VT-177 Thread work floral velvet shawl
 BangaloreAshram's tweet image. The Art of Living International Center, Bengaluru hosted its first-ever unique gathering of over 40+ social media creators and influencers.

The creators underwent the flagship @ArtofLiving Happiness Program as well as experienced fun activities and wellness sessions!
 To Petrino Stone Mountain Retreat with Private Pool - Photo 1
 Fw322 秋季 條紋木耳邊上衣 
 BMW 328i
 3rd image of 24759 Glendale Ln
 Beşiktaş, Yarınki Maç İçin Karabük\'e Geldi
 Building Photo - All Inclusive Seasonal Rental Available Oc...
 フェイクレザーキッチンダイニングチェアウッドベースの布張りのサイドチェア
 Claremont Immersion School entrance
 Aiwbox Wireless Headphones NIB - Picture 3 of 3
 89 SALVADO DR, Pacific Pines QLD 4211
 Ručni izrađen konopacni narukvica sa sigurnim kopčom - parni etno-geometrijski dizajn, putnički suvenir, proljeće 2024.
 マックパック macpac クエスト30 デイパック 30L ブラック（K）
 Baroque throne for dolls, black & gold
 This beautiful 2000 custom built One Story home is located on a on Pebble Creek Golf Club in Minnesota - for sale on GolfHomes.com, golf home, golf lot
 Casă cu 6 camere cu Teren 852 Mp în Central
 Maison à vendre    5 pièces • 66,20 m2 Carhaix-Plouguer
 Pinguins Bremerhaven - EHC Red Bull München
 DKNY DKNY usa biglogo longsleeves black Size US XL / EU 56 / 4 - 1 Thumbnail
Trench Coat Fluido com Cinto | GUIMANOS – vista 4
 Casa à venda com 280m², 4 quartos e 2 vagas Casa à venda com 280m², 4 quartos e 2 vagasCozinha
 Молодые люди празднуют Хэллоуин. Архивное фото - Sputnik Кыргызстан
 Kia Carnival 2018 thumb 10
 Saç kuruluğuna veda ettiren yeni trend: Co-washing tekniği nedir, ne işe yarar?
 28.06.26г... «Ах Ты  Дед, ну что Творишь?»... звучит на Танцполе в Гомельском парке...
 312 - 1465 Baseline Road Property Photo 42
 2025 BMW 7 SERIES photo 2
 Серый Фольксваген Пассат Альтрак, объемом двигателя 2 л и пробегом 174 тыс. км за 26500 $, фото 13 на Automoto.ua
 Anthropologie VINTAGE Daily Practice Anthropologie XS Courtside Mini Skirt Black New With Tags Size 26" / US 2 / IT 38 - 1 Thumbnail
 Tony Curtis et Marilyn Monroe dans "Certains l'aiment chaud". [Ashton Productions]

○ ○ ○ ○ ○

Reproduce only the lines above, starting at the line with "Building Photo - All" and ending at the line with "Casă cu 6 camere cu Teren 852 Mp în Central", exactly as written.

 Building Photo - All Inclusive Seasonal Rental Available Oc...
 フェイクレザーキッチンダイニングチェアウッドベースの布張りのサイドチェア
 Claremont Immersion School entrance
 Aiwbox Wireless Headphones NIB - Picture 3 of 3
 89 SALVADO DR, Pacific Pines QLD 4211
 Ručni izrađen konopacni narukvica sa sigurnim kopčom - parni etno-geometrijski dizajn, putnički suvenir, proljeće 2024.
 マックパック macpac クエスト30 デイパック 30L ブラック（K）
 Baroque throne for dolls, black & gold
 This beautiful 2000 custom built One Story home is located on a on Pebble Creek Golf Club in Minnesota - for sale on GolfHomes.com, golf home, golf lot
 Casă cu 6 camere cu Teren 852 Mp în Central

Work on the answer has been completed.